How does that affect our lives?”
But Byron Dale’s problems were only beginning as a debt dispute then prompted an inspection of his farm.
“PCA [Production Credit Association] brought suit in state court on October 18, 1982, to enforce its inspection rights and alternatively for possession of the cattle should the inspection reveal a default. Dale was served with an order to show cause and a temporary restraining order. At the hearing, Dale defended by asserting his “payment-in-kind”1 note and PCA’s refusal to accept tender. The court ordered Dale to allow PCA officials onto his property.”
“On March 18, 1983, state officials including Governor Janklow, State Highway Patrol Director Baum, and Officer Murphy, devised a plan to draw Dale away from the ranch so that the order could be executed peacefully. Dale learned of the plan, however, and returned to the ranch. Governor Janklow then telephoned Dale and attempted to dissuade him from resisting. Dale insisted that he would defend his property with his life.
Director Baum and Officer Murphy arrived at the ranch to serve the court’s order and ensure the safety of the receiver in executing that order. At the time that Director Baum and Officer Murphy were present, Dale was armed. During the course of their conversation, Officer Murphy hit Dale with a catsup bottle and after a struggle Dale was subdued.”
In other words, police officers then jumped on Dale and beat him almost to death.
Now as for Cliven Bundy, if the reports are correct the federal government has militarized internal police and heavily armed troops at the ready against a farmer, his wife and a few cow hands. There are also reports of militia groups that are now being dispatched that will have no problem having an armed conflict with the militarized police.
Not only does he see this as his last stand against tyranny he also sees it as liberty’s last stand.
This is the case of one farmer fighting the system. The system that bears the bitter fruit of the police state where the ideological divide has been created by pundits and a small group of bureaucrats in Washington DC.
Like columnist Charley Reese said, this bureaucracy consists of one president, nine Supreme Court justices, one hundred senators and 435 congressmen, that is a total 545 people that are in control of the men surrounding that ranch. There are 300 million people in this country that should demand that the overreach of government be stopped.
That is 300 million versus 545.
545 plus forty or more police officers, tactical units using high powered ordinance and MRAPS that I am sure are waiting to take a cattle ranch by force to protect a tortoise.
Isn’t this a sign that this has gone too far?
There are untold thousands of others employed to enforce the police state on a federal and local level. Several alphabet agencies report to the chosen 545 and do not question their motives. They only know that they are to arm and neutralize a perceived or potential crisis and to enforce an order that imposes civil rights violations across the board.
The CIA and the NSA, along with several highly private security and militarized security groups that do not answer to congress, use their unlimited budgets to wiretap, observe, search and seize property without due process.

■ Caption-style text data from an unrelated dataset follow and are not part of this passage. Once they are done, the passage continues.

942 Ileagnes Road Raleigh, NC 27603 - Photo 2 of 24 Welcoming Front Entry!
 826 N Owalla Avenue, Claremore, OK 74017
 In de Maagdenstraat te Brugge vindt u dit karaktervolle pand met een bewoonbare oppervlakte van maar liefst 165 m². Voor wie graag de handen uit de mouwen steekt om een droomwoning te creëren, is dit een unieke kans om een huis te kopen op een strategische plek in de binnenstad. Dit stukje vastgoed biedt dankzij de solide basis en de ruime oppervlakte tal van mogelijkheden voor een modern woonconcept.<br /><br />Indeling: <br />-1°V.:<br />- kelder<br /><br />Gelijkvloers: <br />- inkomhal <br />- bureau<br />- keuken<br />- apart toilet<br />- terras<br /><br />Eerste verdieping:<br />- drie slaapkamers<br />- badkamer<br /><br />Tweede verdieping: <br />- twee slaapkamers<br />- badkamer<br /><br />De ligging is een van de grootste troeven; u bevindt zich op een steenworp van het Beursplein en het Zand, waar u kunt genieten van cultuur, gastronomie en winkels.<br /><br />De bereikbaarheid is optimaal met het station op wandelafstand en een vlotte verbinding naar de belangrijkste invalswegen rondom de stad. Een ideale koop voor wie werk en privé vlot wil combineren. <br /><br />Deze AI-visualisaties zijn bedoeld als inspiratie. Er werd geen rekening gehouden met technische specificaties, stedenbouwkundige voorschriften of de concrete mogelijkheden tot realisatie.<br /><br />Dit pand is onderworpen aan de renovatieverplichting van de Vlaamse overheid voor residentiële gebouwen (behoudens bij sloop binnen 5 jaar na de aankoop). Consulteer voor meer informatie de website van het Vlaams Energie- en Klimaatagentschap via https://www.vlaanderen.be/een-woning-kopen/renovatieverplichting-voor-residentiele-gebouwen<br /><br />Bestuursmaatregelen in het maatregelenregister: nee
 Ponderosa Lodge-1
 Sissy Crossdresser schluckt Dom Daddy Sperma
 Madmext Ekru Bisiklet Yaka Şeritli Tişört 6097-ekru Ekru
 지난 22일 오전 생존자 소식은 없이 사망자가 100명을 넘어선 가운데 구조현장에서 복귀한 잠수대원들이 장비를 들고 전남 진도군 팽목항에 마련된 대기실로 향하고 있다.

They also kill perceived bad guys that are painted as guilty by the media without their day in court. Once again, the negation of due process is cheered on by those who observe without a court hearing or even a peep from a jury of the defendant’s peers.
CNN says: “The office of the District of Columbia medical examiner said in the autopsy that one round struck Carey in the left side of the back of her head, and she was also hit three times in the back and once in her left arm. The report didn’t determine in what sequence Carey was hit. Toxicology tests determined Carey didn’t have alcohol or drugs in her blood… The family is suing the Department of Justice, the Secret Service and U.S. Capitol Police for $75 million.”